Despite the substantive legal case FIRE is making against the university, none of the university officials queried by The Fix – including the general counsel – addressed FIRE’s argument about the university’s enforceable contractual obligations to students.
The Fix asked specifically for their response to FIRE’s request for a viewpoint-neutral denial of TPUSA’s application, whether it views its promises to students as legally binding or plans to enforce viewpoint neutrality, and why the legal case against the university didn’t warrant a response from any of its lawyers.
The Fix also asked officials about the potential relevance of a ruling that FIRE didn’t mention: John McAdams’ victory over Marquette University after it fired the professor for criticizing a colleague by name in a blog post. The Wisconsin Supreme Court said the Jesuit university breached its contract with McAdams by violating his academic freedom.

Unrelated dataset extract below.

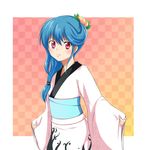 akisa alternate_costume alternate_hairstyle bad_id bad_pixiv_id blue_eyes blue_hair food food_as_clothes food_themed_clothes fruit hair_ornament hinanawi_tenshi japanese_clothes kimono long_hair peach red_eyes solo touhou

The Fix sent a subsequent email to Zygmunt in response to his Friday statement, requesting direct answers to written questions for a second time. He has not responded as of Sunday night.
As to whether FIRE is considering litigation against the university, a spokesperson told The Fix that Patton and Adam Steinbaugh, director of her program, were “leading up this case” and would talk about the civil liberties group’s plans going forward. They have not given The Fix a response as of Sunday night.